The Conseil d'Etat agreed.
From a legal point of view, the Court's reasoning is perfectly understandable: it is true that the levy system was put into place to compensate authors and other rights holders for the financial harm suffered as a result of private copying under the private copying exception. It therefore follows, axiomatically, that the compensation it generates should reflect the reality of lawful private copying and not extend to other acts (such as unlawful private copying). The Court's decision, however, suffers from an important legal shortcut and from a certain paternalism vis-à-vis the rights holders.
As regards the shortcut, the Court faults the Commission for taking into account both legal and illegal private copying in its determination of the appropriate levy. However, the Court's concept of 'illegal" private copying is simply based on the fact that, in its opinion, the private copying exception cannot come into play where the source of the copy is not authorized by the relevant rights holder (e.g. many peer-to-peer networks).

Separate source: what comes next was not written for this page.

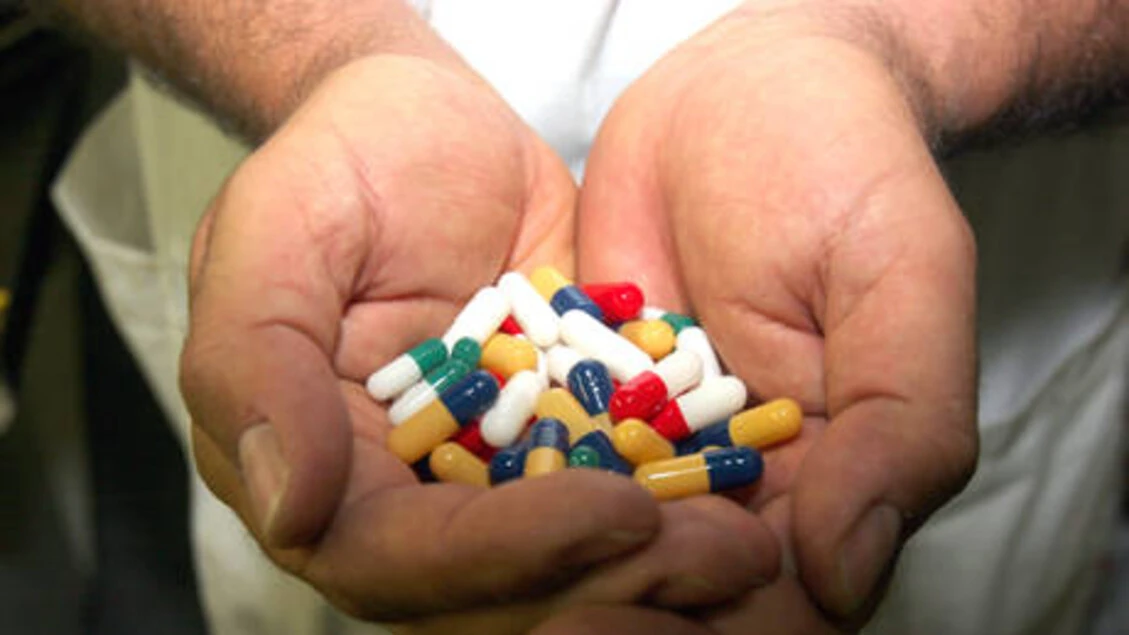 Record farmaceutica italiana, 56 miliardi produzione e 54 di export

In fact, this is a highly debated question in French copyright law. While there is certainly some authority for the proposition implicit in the Court's reasoning (i.e., private copying exception requires a lawful source), there is also ample authority to the contrary (relying principally on the fact that the statute itself imposes no such requirement). The reality is that there is simply no clear cut Supreme Court decision on this specific issue. While there was a ruling by the Cour de cassation in 2006 remanding a case back to a lower court for a ruling on this specific issue, the appellate court's ruling on remand artfully avoided the issue and ruled on other grounds.
The Conseil d'Etat's view that unlawful private copying (as taken into account by the Commission) corresponds to cases where the source is unauthorized is therefore unsupported by case law and stated without argument or explanation. Moreover, while the Conseil d'Etat's view on this highly contentious issue is interesting, it can hardly be taken as conclusive given that such an issue ought to be resolved by the Cour de cassation (the judicial Supreme Court and, as such, copyright law's final arbiter) or, naturally, the legislator.
With regard to the paternalism underlying the Court's decision, it is striking that it hands a victory to SIMAVELEC on the basis of an argument that ostensibly favors the rights holders. Implicit in the Court's opinion is the idea that if private copying outside the scope of the private copying exception has nothing to do with the compensation to be paid for private copying, it is precisely because such copying constitutes copyright infringement and ought to be dealt with as such. In other words, the court appears to be inviting the rights holders to seek compensation for these acts not via the private copying levy but rather through legal proceedings based on copyright infringement. While technically possible, this approach ignores the fact that the authors, performers and producers themselves preferred a solution based on the levy system; they are perfectly well aware that the alternative course of action (suing their own customers) is cumbersome and fraught with danger. Unfortunately, the Conseil d'Etat, adopting a paternalistic approach, appears to be telling them where their own best interests lie.